Веттели был этому рад. В центральном крыле всегда было гораздо тише и спокойнее, чем в боковых, где дети сновали, как огненные шары, выпущенные из ствола противоголемной гаубицы. От детей Веттели старался держаться в стороне настолько, насколько вообще позволял его нынешний род занятий. Он с самого начала подозревал, что педагогика – не его стезя, и за три недели только укрепился в этом мнении, не испытывая при этом ни огорчения, ни разочарования, ни беспокойства. Преподавание не приносило ему радости, не вызывало интереса – ну и что? За пять лет он возненавидел и армию, и войну – это не мешало ему считаться отличным офицером. Он привык старательно и честно исполнять то, что должно.
Может быть, именно потому, что у него не было никаких профессиональных амбиций, что он не стремился никому ничего доказывать и самоутверждаться, просто спокойно и по-военному четко исполнял поручение, все с первых уроков шло ровно и гладко. Чтобы вспомнить школьный курс естествознания, хватило нескольких ночей в библиотеке. Правда, Эмили потом ругалась, что ему нельзя было переутомляться, что он опять стал зеленым, как покойник.

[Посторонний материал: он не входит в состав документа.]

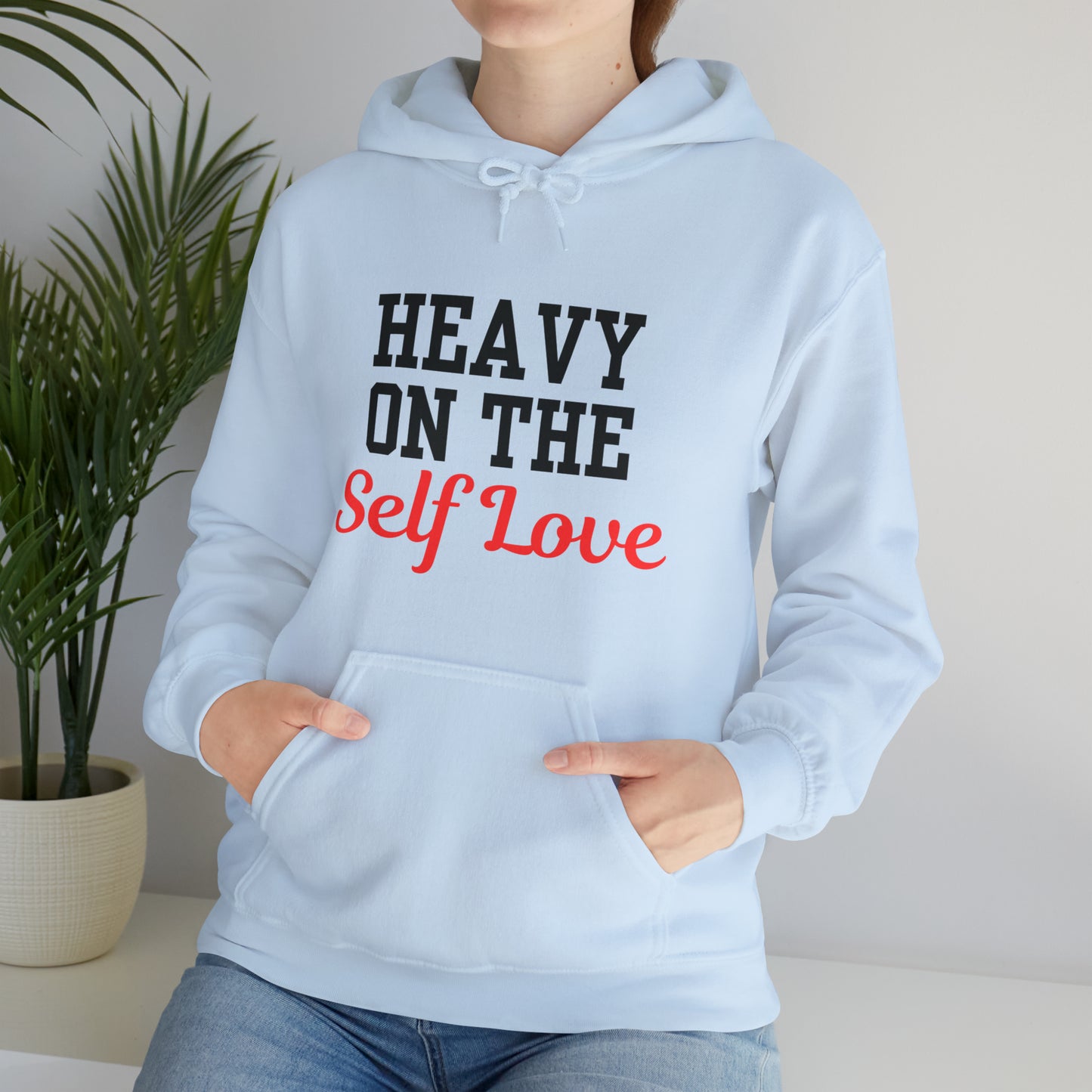 Heavy On The Self Love Unisex Heavy Blend™ Hooded Sweatshirt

С учениками тоже не возникло проблем. К третьему курсу их уже успевали приучить уважать командный голос, сам же Веттели за время службы овладел этим инструментом в совершенстве. Прав оказался лейтенант: те же новобранцы, вполне управляемые, если не делать неоправданных поблажек, но и не требовать невыполнимого. Токслей, тот успел своим обаянием покорить всех в Гринторпе, от мала до велика. Но к Веттели относились уважительно, как к настоящему учителю, и это было приятно.
Но девочек Веттели поначалу опасался, ведь их в числе новобранцев не случалось никогда.
Особенно не по себе ему стало, когда, проходя мимо группы старшеклассниц, услышал за спиной приглушенное:
– Ой, смотрите, смотрите, кто это?
– Это новый учитель, ведет естествознание вместо мистера Скотта.
– Ах, какая прелесть! Шарма-ан! Он и у нас будет вести?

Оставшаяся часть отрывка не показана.